### Problem
In the records below, begin at the line containing "Deluxe Queen Room" and end at the line containing "Yazmynswrld Photo #27"; quote every line in that span exactly, including both boundary lines, and no others.

### Material provided
=== Section Start ===

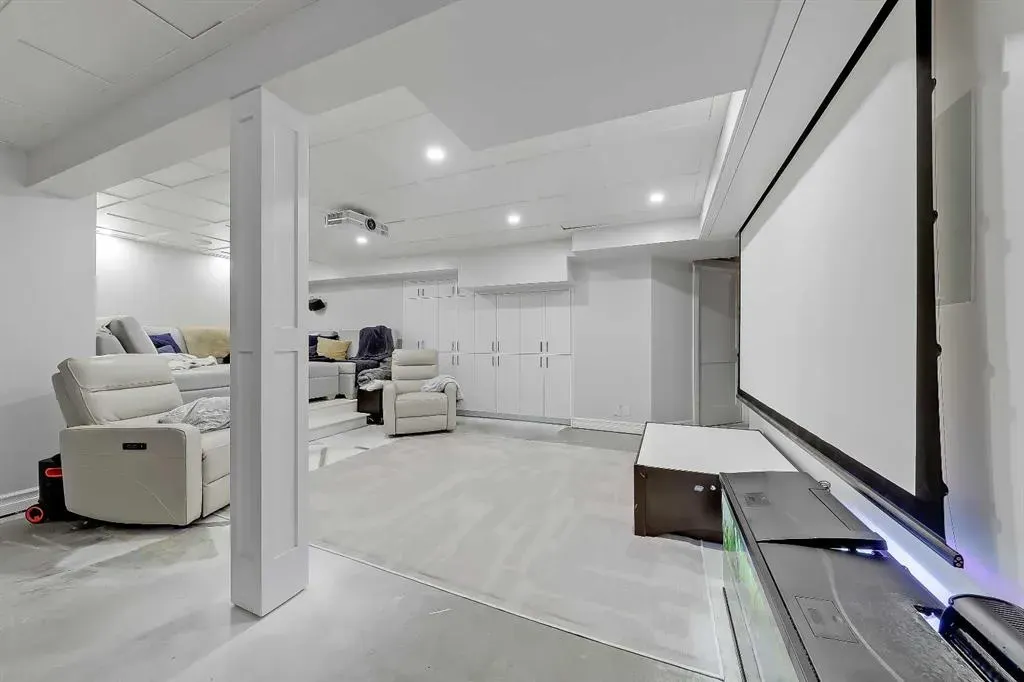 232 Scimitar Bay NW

=== Section End ===
=== Section Start ===

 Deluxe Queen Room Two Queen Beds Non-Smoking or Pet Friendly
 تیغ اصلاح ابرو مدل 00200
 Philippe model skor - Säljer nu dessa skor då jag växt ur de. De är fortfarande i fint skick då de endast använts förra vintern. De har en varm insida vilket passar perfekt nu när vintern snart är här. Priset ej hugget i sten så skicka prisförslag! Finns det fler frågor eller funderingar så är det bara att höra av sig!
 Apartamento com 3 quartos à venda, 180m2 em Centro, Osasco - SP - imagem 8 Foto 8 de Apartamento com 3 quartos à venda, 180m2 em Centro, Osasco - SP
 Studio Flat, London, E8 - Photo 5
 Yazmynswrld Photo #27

=== Section End ===
=== Section Start ===

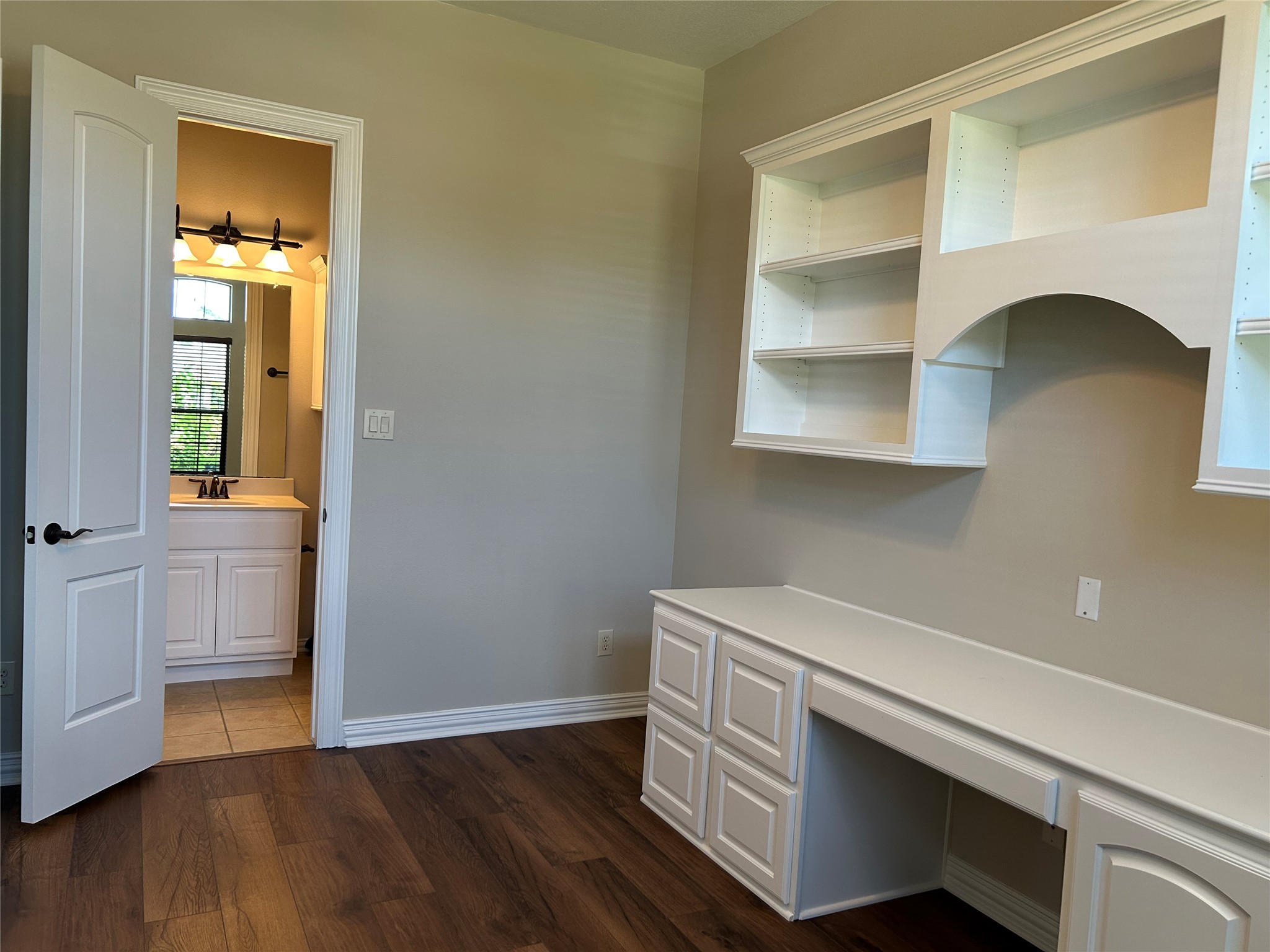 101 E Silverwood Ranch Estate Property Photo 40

=== Section End ===

### Task output
 Deluxe Queen Room Two Queen Beds Non-Smoking or Pet Friendly
 تیغ اصلاح ابرو مدل 00200
 Philippe model skor - Säljer nu dessa skor då jag växt ur de. De är fortfarande i fint skick då de endast använts förra vintern. De har en varm insida vilket passar perfekt nu när vintern snart är här. Priset ej hugget i sten så skicka prisförslag! Finns det fler frågor eller funderingar så är det bara att höra av sig!
 Apartamento com 3 quartos à venda, 180m2 em Centro, Osasco - SP - imagem 8 Foto 8 de Apartamento com 3 quartos à venda, 180m2 em Centro, Osasco - SP
 Studio Flat, London, E8 - Photo 5
 Yazmynswrld Photo #27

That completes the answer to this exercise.